The NO bioactivity of nitrite opens the door to a wide array of potential clinical applications. In the lung, nitrite is being considered for the treatment of pulmonary hypertension. Inhaled nitrite aerosol is effective at reducing pulmonary hypertension caused by hypoxia or hemolysis in newborn lambs and adult humans [46]. Although the original mechanism proposed for this effect was the reduction of nitrite to NO by deoxyhemoglobin flowing into the lung [4], more recent studies indicate that nitrite may be converted to NO within the airway itself to effect the vasodilatory response [5]. In the current issue of this journal, Rix et al. [7] present the first human data for safety and pharmacokinetics of inhaled nitrite aerosol. In healthy volunteers, they find inhaled nitrite to be well tolerated within the expected therapeutic dose range. Systemic hypotension was the dose-limiting adverse effect. These results are consistent with the NO bioactivity of nitrite, in accord with earlier animal studies, and provide a rational basis for a trial of aerosolized nitrite in the treatment of pulmonary hypertension. Given the hypoxia-sensitive nature of NO production from nitrite, it is surprising that systemic hypoxia did not potentiate the hypotensive effects of nitrite, but this may have been due to a counteracting sympathetic response to the hypoxic stimulus. However, it is unknown in what form nitrite crosses the bronchial/alveolar membranes. Other questions that remain include whether the transport is carrier mediated or pH dependent, what level of the vascular tree smooth muscle cells are relaxed, and whether this reduced smooth muscle tone is distributed throughout the lungs such that blood flow is more evenly matched with ventilation.

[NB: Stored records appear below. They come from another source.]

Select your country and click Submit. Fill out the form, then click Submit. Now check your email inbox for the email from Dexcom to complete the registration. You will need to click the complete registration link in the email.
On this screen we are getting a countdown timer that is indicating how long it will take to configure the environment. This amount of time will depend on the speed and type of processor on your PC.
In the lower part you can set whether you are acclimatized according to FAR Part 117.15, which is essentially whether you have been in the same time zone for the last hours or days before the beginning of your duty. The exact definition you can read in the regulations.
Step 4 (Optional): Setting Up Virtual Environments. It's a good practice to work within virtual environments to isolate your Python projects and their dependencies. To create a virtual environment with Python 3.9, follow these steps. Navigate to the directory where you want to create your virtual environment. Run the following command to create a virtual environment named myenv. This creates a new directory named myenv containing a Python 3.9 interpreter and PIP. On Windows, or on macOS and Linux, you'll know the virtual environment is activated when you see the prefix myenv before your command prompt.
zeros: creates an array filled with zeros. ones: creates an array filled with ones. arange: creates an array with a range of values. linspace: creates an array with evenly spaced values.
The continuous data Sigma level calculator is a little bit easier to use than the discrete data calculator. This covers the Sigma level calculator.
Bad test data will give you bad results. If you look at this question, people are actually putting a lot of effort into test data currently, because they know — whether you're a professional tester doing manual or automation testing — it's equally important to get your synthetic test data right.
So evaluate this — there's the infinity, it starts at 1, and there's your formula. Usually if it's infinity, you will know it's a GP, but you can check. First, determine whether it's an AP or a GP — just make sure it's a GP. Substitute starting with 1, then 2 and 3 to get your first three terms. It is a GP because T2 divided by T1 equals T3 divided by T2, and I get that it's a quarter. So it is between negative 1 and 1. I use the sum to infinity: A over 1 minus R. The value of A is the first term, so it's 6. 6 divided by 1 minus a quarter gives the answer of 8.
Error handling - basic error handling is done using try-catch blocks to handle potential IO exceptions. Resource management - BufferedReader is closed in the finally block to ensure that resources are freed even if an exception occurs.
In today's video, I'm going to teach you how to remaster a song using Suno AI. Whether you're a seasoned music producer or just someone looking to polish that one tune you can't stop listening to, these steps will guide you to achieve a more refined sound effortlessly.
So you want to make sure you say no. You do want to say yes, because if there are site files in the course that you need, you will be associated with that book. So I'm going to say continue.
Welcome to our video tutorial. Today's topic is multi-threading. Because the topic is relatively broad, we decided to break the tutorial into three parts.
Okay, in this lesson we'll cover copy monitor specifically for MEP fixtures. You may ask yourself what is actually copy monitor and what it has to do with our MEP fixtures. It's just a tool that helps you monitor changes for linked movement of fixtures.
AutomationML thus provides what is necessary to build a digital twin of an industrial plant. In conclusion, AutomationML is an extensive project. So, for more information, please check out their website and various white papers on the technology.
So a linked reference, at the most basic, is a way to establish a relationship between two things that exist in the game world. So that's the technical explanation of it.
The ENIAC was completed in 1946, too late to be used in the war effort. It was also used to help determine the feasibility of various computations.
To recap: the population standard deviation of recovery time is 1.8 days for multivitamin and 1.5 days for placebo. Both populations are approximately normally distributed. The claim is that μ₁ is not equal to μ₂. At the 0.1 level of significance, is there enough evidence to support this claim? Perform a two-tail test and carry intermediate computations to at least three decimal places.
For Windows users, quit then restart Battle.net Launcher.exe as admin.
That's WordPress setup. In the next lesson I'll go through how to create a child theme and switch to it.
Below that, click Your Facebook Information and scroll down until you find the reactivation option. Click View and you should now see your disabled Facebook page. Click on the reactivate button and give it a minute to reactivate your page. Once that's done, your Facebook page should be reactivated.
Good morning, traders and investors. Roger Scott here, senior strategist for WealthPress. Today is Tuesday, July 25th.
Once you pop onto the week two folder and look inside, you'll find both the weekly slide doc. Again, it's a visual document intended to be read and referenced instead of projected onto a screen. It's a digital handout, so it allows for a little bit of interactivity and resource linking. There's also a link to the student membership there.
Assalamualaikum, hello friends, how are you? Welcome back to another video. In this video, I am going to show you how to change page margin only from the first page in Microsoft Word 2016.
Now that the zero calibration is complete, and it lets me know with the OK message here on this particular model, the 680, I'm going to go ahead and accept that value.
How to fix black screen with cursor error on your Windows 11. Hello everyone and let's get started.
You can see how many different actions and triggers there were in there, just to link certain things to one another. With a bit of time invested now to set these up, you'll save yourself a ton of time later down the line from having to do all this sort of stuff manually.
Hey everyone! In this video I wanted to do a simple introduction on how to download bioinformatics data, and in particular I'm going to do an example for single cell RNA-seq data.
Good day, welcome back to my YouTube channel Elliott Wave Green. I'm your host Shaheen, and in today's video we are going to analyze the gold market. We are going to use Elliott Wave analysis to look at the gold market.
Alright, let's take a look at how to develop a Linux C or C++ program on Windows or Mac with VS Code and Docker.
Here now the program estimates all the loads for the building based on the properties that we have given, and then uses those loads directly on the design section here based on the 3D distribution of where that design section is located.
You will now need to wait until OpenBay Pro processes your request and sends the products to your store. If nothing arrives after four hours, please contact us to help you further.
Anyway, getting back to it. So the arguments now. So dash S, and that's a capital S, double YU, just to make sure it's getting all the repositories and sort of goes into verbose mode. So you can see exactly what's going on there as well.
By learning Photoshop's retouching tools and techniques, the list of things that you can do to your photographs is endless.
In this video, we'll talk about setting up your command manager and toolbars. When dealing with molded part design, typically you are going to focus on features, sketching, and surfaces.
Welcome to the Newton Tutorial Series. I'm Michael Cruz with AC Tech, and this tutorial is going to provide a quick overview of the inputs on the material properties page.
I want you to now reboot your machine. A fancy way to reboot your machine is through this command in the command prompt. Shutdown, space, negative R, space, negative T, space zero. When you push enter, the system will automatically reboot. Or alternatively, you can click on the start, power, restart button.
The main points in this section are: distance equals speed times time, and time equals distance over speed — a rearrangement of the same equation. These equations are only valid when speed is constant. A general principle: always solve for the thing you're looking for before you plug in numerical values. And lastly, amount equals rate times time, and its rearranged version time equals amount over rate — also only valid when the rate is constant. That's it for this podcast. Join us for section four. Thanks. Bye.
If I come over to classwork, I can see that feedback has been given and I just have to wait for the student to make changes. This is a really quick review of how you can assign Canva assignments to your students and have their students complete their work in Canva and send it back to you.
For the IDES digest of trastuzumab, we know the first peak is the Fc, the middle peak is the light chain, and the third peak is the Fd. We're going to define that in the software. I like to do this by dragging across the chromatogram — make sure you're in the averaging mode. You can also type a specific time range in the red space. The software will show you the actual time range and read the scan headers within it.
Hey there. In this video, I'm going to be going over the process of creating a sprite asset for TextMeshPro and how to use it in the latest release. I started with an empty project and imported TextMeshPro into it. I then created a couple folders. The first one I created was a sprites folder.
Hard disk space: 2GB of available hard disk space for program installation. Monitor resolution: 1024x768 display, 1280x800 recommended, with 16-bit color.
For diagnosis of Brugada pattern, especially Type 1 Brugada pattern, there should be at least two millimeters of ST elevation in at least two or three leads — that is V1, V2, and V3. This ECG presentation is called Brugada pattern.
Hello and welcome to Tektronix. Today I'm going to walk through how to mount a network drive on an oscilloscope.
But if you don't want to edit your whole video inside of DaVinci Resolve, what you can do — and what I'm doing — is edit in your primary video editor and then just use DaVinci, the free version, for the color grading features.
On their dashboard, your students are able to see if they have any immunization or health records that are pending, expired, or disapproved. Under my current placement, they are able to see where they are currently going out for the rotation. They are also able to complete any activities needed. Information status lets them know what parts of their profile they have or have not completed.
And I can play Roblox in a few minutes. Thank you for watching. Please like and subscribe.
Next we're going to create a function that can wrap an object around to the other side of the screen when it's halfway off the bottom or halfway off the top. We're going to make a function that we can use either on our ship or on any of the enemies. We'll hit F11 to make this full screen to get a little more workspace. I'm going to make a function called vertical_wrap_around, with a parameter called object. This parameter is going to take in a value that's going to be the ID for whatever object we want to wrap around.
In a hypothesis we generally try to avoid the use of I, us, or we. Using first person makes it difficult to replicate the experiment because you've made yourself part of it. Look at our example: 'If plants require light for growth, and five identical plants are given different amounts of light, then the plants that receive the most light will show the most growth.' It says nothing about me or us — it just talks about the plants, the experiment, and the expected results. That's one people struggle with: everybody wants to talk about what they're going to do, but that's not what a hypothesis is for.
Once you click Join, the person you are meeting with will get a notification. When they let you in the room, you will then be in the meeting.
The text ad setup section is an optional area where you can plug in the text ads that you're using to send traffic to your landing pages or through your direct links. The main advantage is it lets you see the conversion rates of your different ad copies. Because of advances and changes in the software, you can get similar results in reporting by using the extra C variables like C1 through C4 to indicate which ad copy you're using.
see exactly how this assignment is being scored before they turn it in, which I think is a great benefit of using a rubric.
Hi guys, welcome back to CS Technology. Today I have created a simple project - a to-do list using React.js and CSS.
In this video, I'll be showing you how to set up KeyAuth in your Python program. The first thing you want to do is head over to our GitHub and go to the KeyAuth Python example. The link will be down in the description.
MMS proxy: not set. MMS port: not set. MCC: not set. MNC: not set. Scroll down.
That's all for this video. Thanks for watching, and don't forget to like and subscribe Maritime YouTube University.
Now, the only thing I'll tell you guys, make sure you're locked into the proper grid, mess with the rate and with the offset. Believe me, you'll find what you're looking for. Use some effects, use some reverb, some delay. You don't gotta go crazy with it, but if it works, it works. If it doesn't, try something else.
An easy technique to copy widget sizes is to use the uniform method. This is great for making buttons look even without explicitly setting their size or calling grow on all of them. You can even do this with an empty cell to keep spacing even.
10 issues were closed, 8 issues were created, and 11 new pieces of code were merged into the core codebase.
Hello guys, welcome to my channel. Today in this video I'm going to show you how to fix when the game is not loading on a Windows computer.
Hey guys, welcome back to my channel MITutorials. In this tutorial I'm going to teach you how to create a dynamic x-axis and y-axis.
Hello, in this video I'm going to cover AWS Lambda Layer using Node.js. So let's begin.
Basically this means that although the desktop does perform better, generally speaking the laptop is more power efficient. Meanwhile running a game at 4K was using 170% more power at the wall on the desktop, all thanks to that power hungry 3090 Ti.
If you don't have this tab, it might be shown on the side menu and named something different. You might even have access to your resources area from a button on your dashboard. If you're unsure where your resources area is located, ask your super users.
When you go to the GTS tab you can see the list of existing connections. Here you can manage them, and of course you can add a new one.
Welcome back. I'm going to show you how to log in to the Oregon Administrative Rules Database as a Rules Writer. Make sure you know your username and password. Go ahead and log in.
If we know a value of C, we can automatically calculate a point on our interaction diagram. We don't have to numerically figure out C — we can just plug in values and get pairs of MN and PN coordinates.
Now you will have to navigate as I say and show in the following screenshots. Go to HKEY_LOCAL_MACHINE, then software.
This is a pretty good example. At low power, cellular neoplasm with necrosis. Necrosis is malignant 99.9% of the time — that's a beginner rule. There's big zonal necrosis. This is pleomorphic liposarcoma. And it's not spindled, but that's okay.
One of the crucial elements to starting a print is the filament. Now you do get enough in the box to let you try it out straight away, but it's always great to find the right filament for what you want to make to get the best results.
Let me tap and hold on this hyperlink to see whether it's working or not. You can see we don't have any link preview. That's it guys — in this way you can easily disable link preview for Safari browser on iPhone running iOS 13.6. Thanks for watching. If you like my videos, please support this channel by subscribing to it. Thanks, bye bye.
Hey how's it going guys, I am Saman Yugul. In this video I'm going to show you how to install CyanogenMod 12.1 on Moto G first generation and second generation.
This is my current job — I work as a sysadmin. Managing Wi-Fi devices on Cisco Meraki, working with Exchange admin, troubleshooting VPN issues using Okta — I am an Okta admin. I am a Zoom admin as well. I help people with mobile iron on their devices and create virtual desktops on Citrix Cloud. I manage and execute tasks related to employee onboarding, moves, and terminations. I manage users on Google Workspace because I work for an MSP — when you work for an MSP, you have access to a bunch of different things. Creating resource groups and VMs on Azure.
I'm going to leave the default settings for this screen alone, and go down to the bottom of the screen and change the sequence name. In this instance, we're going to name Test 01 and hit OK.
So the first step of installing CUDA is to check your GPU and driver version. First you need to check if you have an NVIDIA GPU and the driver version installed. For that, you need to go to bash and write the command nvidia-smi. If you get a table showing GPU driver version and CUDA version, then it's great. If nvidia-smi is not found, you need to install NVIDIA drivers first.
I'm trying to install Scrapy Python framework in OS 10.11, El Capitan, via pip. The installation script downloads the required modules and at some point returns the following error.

In addition to pulmonary hypertension, other potential uses of nitrite are being explored. Because the conversion of nitrite to NO is accelerated when O2 levels are low, much research has focused on nitrite’s role in responses to ischemia/reperfusion stress. Modest increases in circulating nitrite concentrations prior to an ischemic insult confer marked protection against injury in many organ systems (see the review by Lundberg and Weitzberg [1]). The mechanism(s) for these protective effects appears to involve the reduction of nitrite to NO because the addition of NO scavengers is found to eliminate protection. Putative pathways for protection include the suppression of O2 consumption and lessened superoxide production during the ischemic insult due to NO competing with O2 for binding to the mitochondrial complex IV. In addition, the reduction of nitrite may result in S-nitrosation of a number of enzymes, ion channels, and transcription factors, resulting in functional changes that confer protection against ischemia and/or reperfusion injury [8]. Although the exact mechanism(s) of protection remain to be determined, supplemental nitrite is currently being studied in a number of indications including myocardial infarction, subarachnoid hemorrhage, cardiac arrest, organ transplant, and coronary bypass surgery.

Research over the past two decades has alerted us to the important contribution of nitrite to NO signaling. However, although the beneficial effects of dietary nitrite on exercise performance are already widely accepted [1] and the pharmaceutical use of nitrite is under investigation for a number of different indications, there is still much to learn regarding how such broad an effect is achieved by this anion we once thought to be physiologically irrelevant.